I’m not being entirely whimsical. The idea is that as a play wright, as any
sort of writer, you should listen to people talking. As much and as often as
possible. You need to listen closely and
at some length as you sip your americano.
You also need to get your notbook out and write down what they say and,
most important, the way they say it. Until
you have spent hours and hours doing this and have acquired some understanding
of the way people speak to each other; the speech patterns and rhythms, then
you cannot begin to write plays. Because
the stuff of plays is made up of the interactions and interplays of
characters. If you can’t get that, then
you can’t write a play. Anybody can
write a play that depends on situation or plot but to write a play that depends
on character requires an understanding of how to build a character and how that
character develops within and around a plot.
Indeed how the character and the plot are inextricably linked. What happens in a play can only happen
because of that character and that character drives what happens.
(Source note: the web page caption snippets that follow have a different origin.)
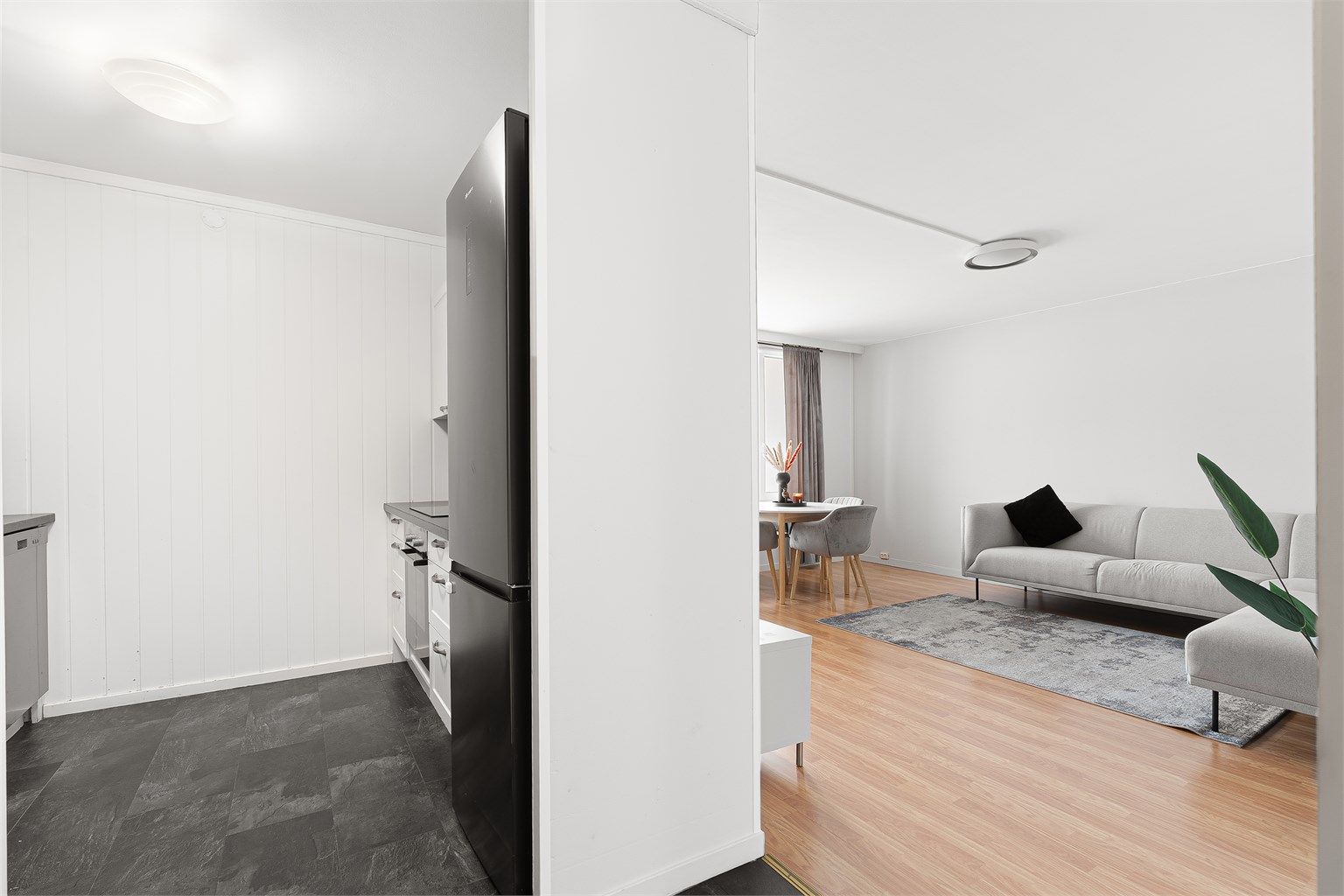 Kjøkkenet ligger naturlig tilbaketrukket fra stuen og er innredet med lyse slette fronter og benkeplate av laminat. 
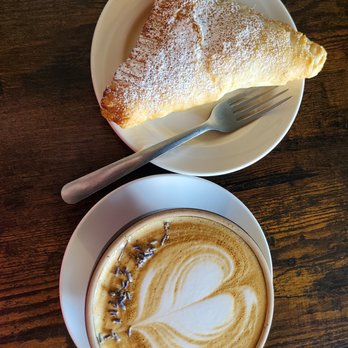The Sacred Bean - Lemon filled pastry with lavender white mocha - Coffee & Tea Near Me - Pueblo, Colorado The Sacred Bean - Lemon filled pastry with lavender white mocha - Coffee & Tea Near Me - Pueblo, Colorado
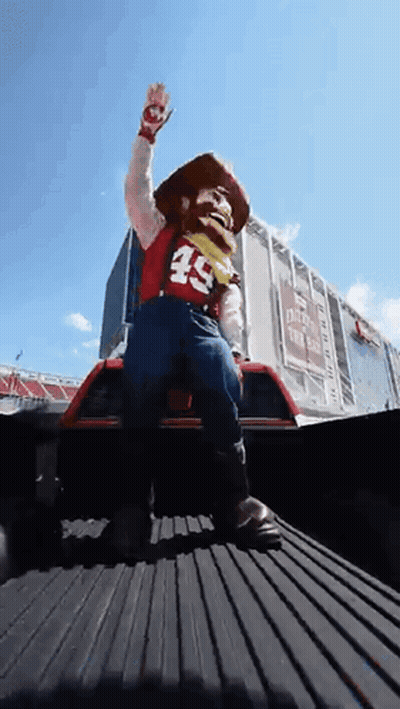 Mascot In Cowboy Costume With Number 49 GIF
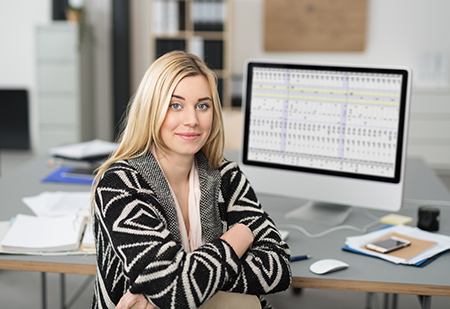 Woman working at a desktop computer.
There are no rules about getting a character to speak. Indeed, you will find out very quickly as you
listen, that there are absolutely no rules to conversation at all. Trying to record and reproduce is virtually
impossible. Conversational speech is
broken, halting, discursive, unsettled.
Entirely without grammar or syntax as described in the conventional
manuals. Sentences have no verbs. They do not link one to another. They are made up partly of words, partly of
sounds and partly of gestures.
What’s more, dialogues have very little logic. It is quite possible for one person to
espouse several quite contradictory ideas at one time. Sometimes our interlocuters speak in other voices
(the actual meaning of “irony” by the way).
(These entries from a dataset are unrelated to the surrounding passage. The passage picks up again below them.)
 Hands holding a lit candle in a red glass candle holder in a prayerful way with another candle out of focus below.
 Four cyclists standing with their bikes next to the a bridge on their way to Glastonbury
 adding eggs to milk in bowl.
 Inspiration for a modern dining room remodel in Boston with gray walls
Most of the time conversation does not follow the neat ordered pattern
of question and response we would expect as writers. Most of the time people will only talk about
themselves. Each question or statement
being answered or interrupted by their own experience.
Yet, somehow in this mish mash of half formed sentences and
ill formed ideas some sort of exchange takes place. It may be indirect and convoluted but
eventually some idea may be conveyed to the other party.
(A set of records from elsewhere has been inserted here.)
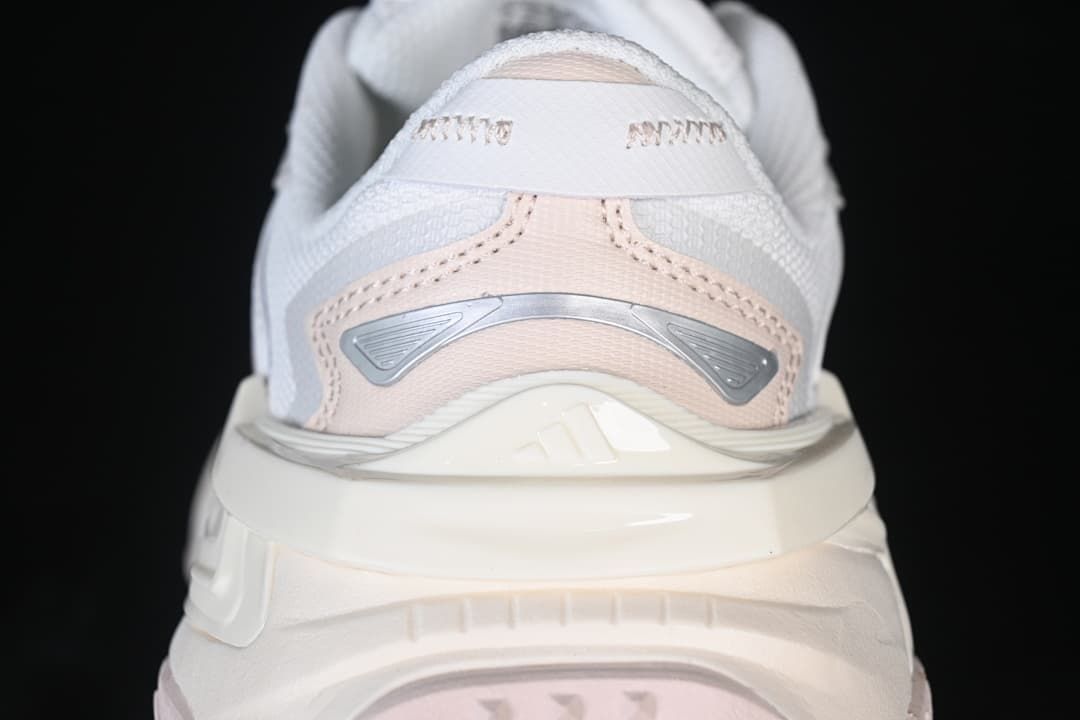 Rear close-up of the sneaker with pink and silver-gray heel details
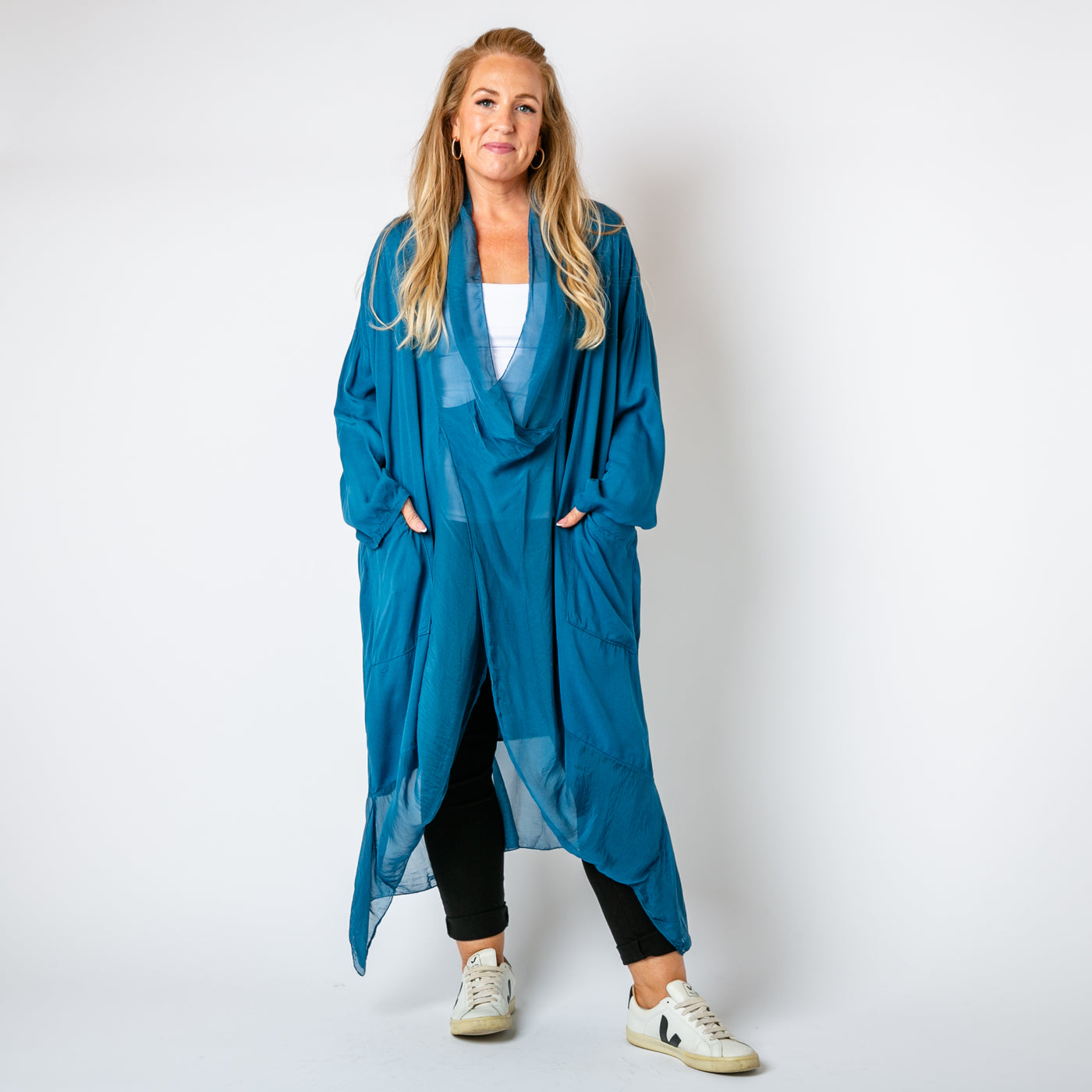 The teal blue Two Pocket Crossover Tunic with long sleeves and a loose fit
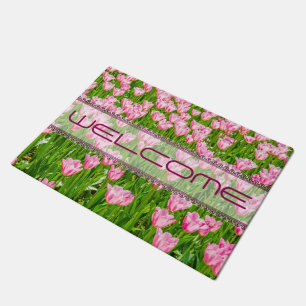 Field of pink tulip flowers doormat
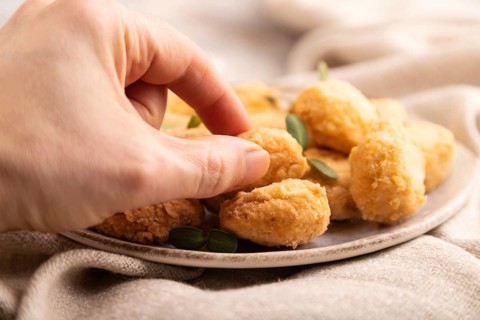 Fried crispy Chicken Nuggets with ketchup, microgreen on brown concrete background and linen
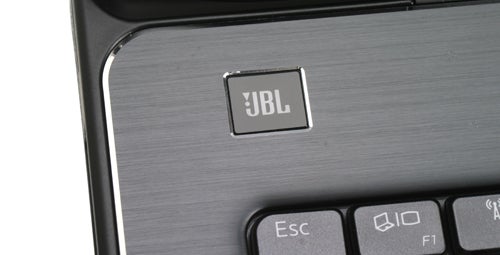 Close-up of JBL speaker logo on Dell XPS 17 keyboard.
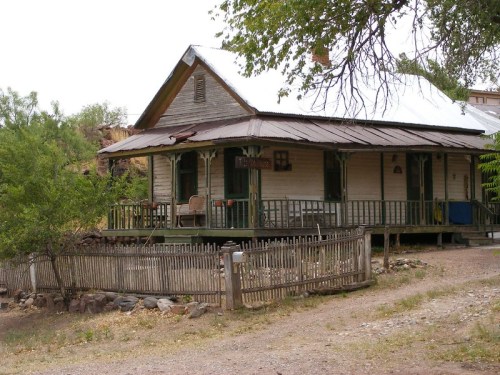A weathered, rustic house with a metal roof, surrounded by a wooden fence and greenery.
So what do we playwrights learn from this? Firstly, that our characters need to be freed
from the conventions of written speech.
This gives us the opportunities to learn about the reality of our
characters. Our character can grow with
our discovery of their little tics and irregularities. And I don’t mean that that gives us licence
to write in some sort of ridiculous Dick Van Dyke cockney voice. I mean that we can discover the outward signs
of the inward workings of a character though their speech. And as we write it we need to speak it out
loud. We are trying to record a spoken interchange so it only exists in some
bare notation as words on a page.
Secondly, we need to remember that most conversations are
about anything but the subject in hand.
This is especially true about complex and deep subjects. It takes quite a bit of beating about the
bush before the real feelings of our character is flushed out. This is what makes the process of play
watching so enjoyable. The audience are
voyeurs trying to understand something from the snippets of half formed
conversation they are allowed to overhear.
And, of course, our characters are often unreliable witnesses. They lie, they prevaricate, they say the very
opposite of what they really think and feel.
But as the watchers begin to know and understand they begin to get more
and more drawn in and engaged.
Thirdly, we need to avoid the need for stage
directions. If you’ve got the voice
right then there is no need to interject (humorously) or (bitterly) it must be
there in the speech itslef. If you find
you have to resort to stage directions than you need to recast the speech.
Similarly, as a director, I get annoyed by writers who write detailed character
descriptions in the stage directions but do not carry them through into their
actual speech and actions. It is not
good enough to describe a character as “Young dynamic and ambitious” You need
to show that. You need to show how that
ambition is manifested or hidden.
Fourthly, plot needs to correlate with the characters you
are drawing. If you are beating your
characters into a particular plot twist or situation then you have either got
the plot wrong or the character or, most likely, both. The actions that a character takes are the
ones that define that character and are defined by that character. If there is a surprising plot or character
twist you need to ask yourself whether you have buried that possibility deep
within the psyche of the character you are working with. You need to ask
yourself “does it contradict anything that has already been laid down?”